= List of people subject to banning orders under apartheid in South Africa =

South African government restrictions prior to 1990

This is a selection of people subject to a "banning order" by the apartheid-era South African government. Banning was a repressive and extrajudicial measure used by the South African apartheid regime (1948–1994) against its political opponents. The legislative authority for banning orders was firstly the Suppression of Communism Act, 1950, which defined virtually all opposition to the ruling National Party as communism. This was superseded by the Internal Security Act, 1982. The regime ceased to deploy bannings and lifted all remaining banning orders in 1990, in the run-up to the advent of democracy in South Africa in 1994.

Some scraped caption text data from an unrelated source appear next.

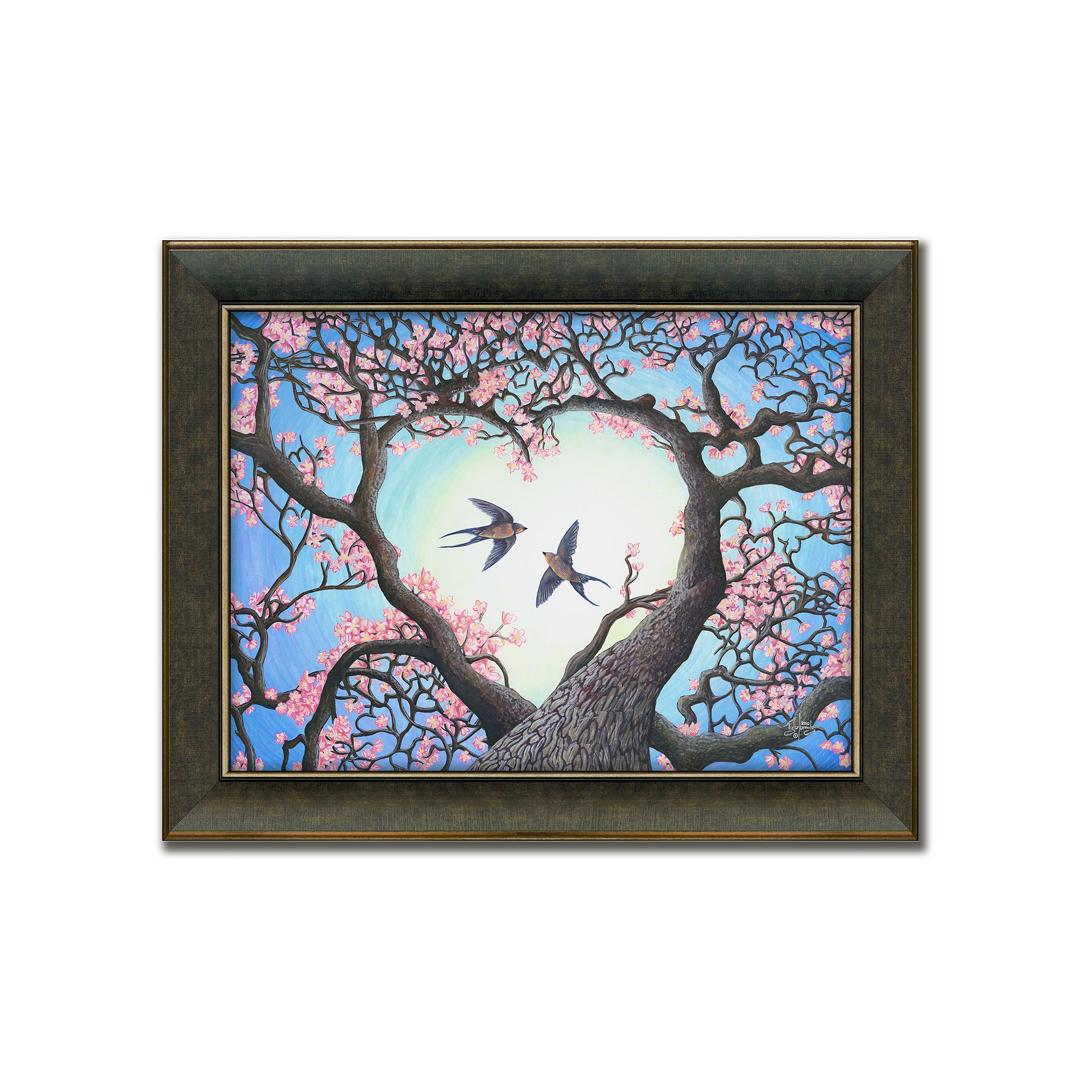 Heartsong Framed Canvas Art by Tyler Kennedy, Multicolor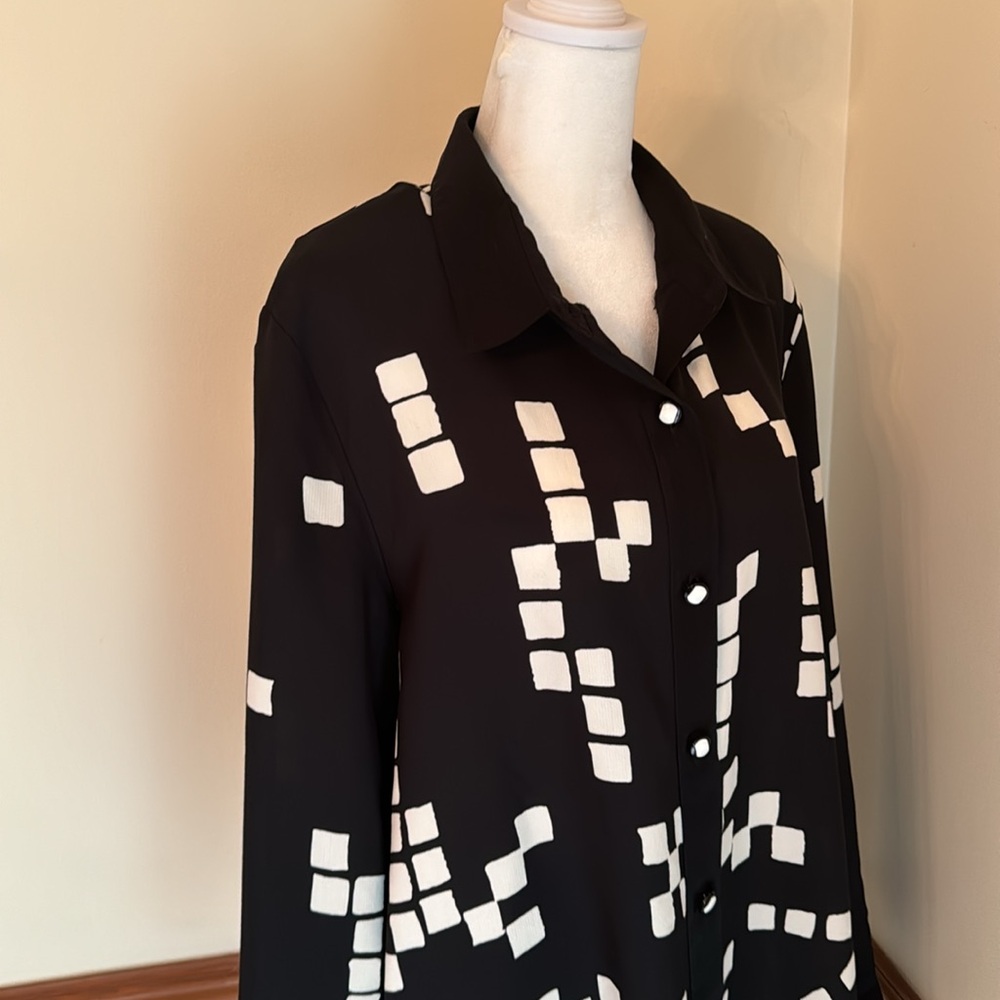 Vintage Peter Popovitch Graphic Button Down Blouse - Picture 9 of 15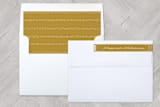 "Joyful Center" - Retired Holiday Cards in Mustard by Leah Bisch - Liner and Label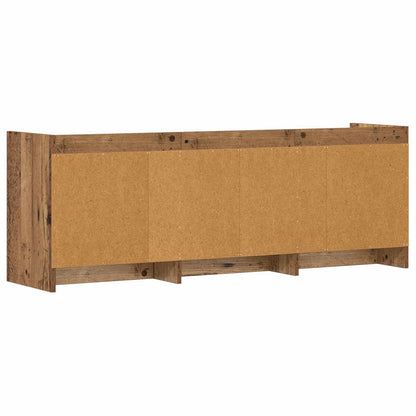 Televizní Skříň 130 X 33 X 47 Cm Staré Dřevo Kompozitní Dřevo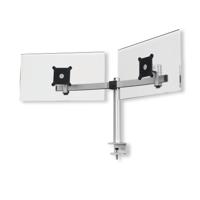 Durable Monitor Mount PRO for 2 Screens Up to 27 Inch with Desk Clamp Attachment 508523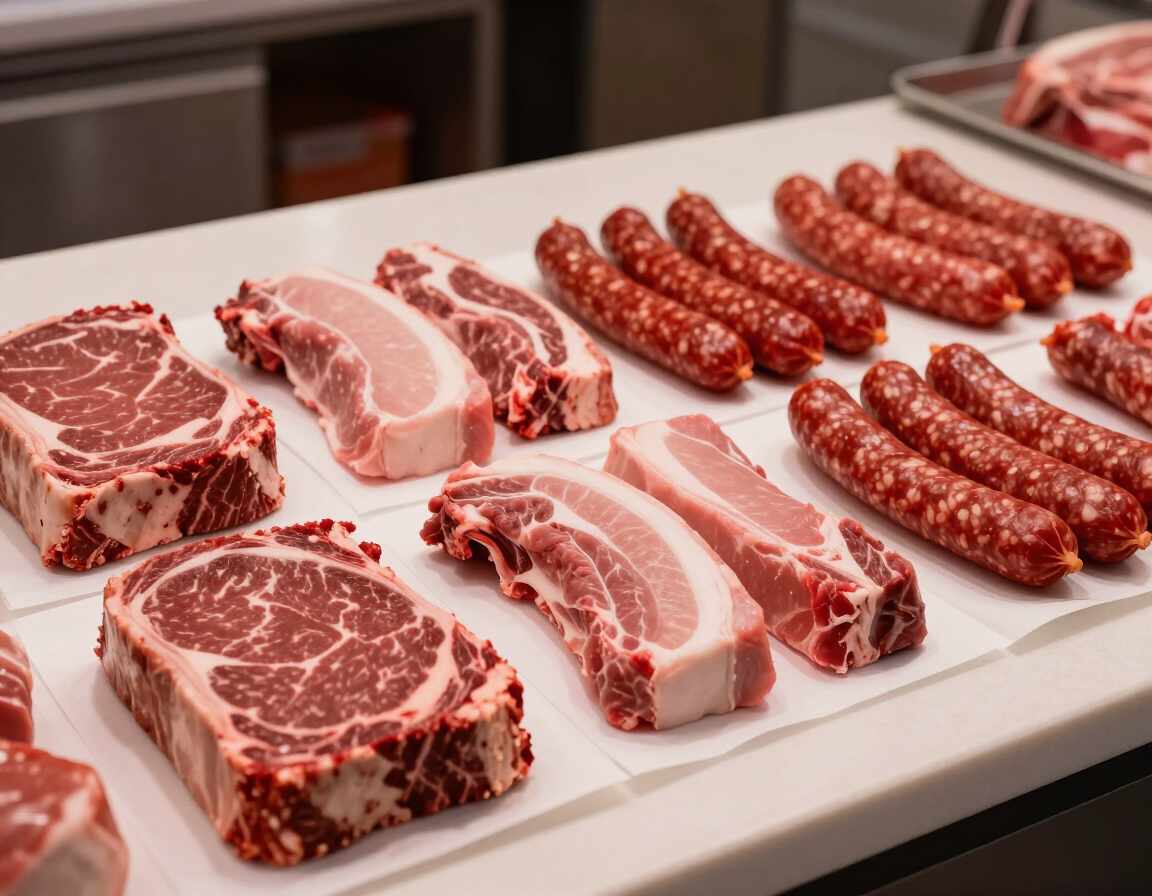 Fresh cuts at the Mundo Latino butcher counter in Avon, Colorado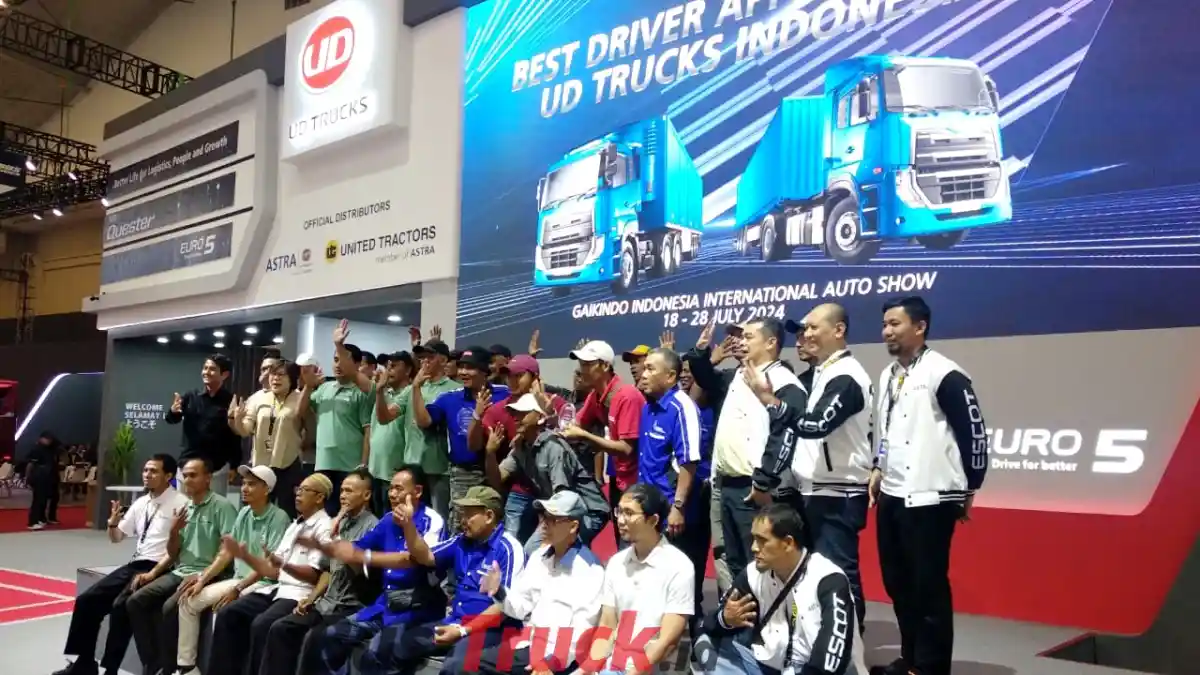 Foto - GIIAS 2024: UD Trucks Peduli Safety Konstruksi Karoseri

A banning order entailed restrictions on where the banned person could live and who they could have contact with, required that they report weekly to a police station, and proscribed them from travelling outside a specific magisterial district. The banned person was prohibited from attending meetings of any kind, speaking in public, or publishing or distributing any written material. It proscribed broadcasters and the press from broadcasting, publishing or reporting the banned person's words. It thus mixed elements of exile, suppression orders and censorship. The prohibition on attending meetings meant that the banned person could not be with more than one other person at a time. The banned person was forbidden all contact with other banned persons and was forbidden to engage in any political activity. The penalty for violating a banning order was up to five years in prison.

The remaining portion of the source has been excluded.